Your guide to stamp duty in the UK
A hot topic among homeowners and prospective buyers is that of stamp duty. Very few taxes are popular with the general public, but this one in particular has proved to be a source of controversy. And with the regular changes to stamp duty in recent years, it's not always easy to keep pace with the status quo. That's why we've put together this brief guide to help clear the fog.
What is stamp duty?
The term 'stamp duty' first came about in the UK back in 1694, whereby duties were applied to a variety of goods (including playing cards, newspapers and dice) to generate income for the monarchy. These were administered by the Board of Stamps, and required a physical stamp upon purchase.
However, this form of tax has since evolved, and in late 2003 was widely abolished. At present, stamp duty comes in two primary forms: 1) Stamp Duty Reserve Tax, which applies to the transfer of securities and shares; and 2) Stamp Duty Land Tax (SDLT) - or the Land and Buildings Transaction Tax (LBTT) as it is known in Scotland, and the Land Transaction Tax (LTT) in Wales - which is a transfer tax on land purchases.
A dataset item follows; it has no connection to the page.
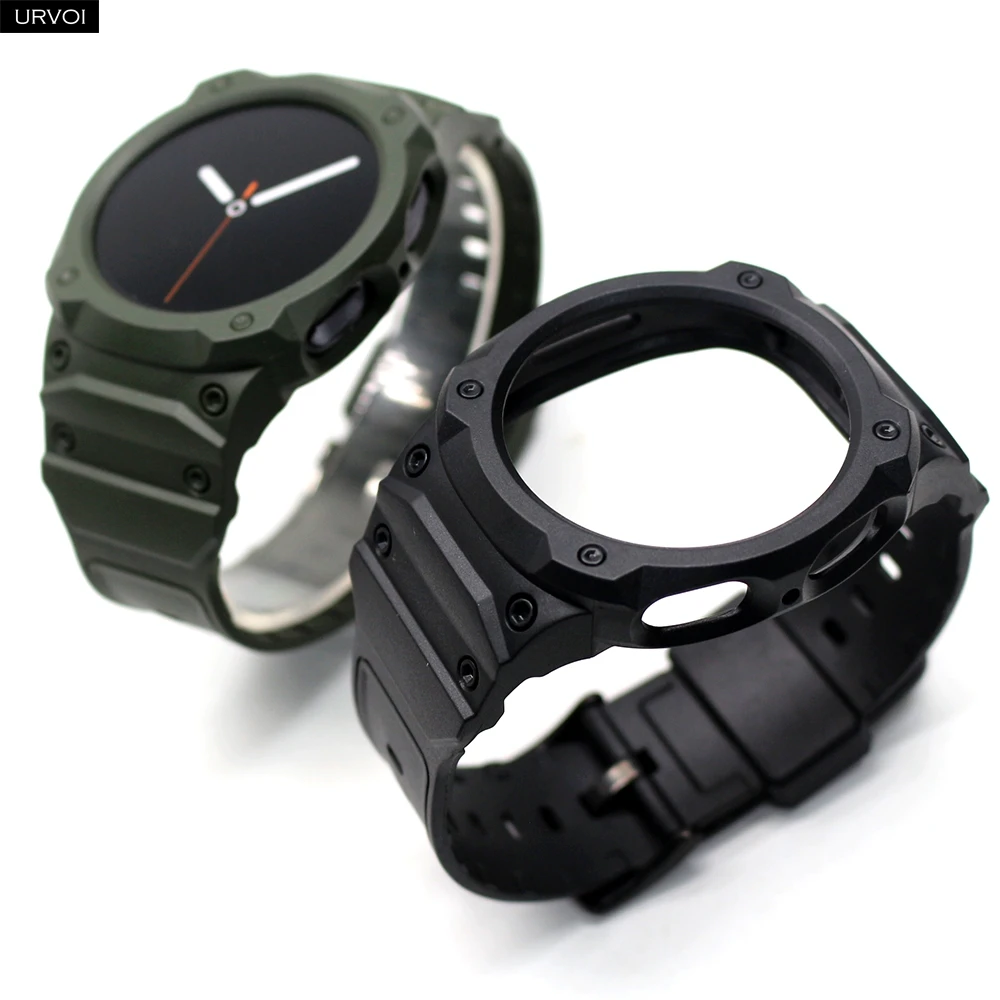 URVOI 2 in 1 TPU Case & Band for Samsung Galaxy Watch 9/8 40mm 44mm & 8 Classic 46mm Rugged Armor Strap Multiple Colors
It is the latter which has become a bit of a political football, particularly given the raft of notable changes which have been made since 2003:
- In 2005, following so-called ‘bracket creep’ amid the housing boom, the threshold for paying SDLT doubled from £60,000 to £120,000
- A year later, the threshold was raised to £125,000, and £150,000 in selected areas regarded as less affluent
- In 2008, the SDLT threshold was raised to £175,000 for a limited time period (until the end of 2009)
- In 2010, the new Coalition Government abolished stamp duty for first-time buyers (on homes under £250,000) for a two-year period, while also introducing a new 5 per cent rate for properties valued at over £1 million
- In 2012, a new rate of 7 per cent was brought in for homes costing over £2 million
- In 2014, a progressive system was introduced whereby buyers no longer pay one rate on the total amount, and instead are charged by band
- From April 2016, a 3 per cent surcharge was introduced on additional properties
- At Budget 2017, SDLT (and LTT) was abolished for first-time buyers in England and Wales on the first £300,000 of the property value
So how much stamp duty will you pay?
There are a number of stamp duty calculators available online to help crunch the numbers, but we'll provide a basic overview here. Essentially, you'll pay a percentage of the cost of the home - a percentage which rises with each threshold.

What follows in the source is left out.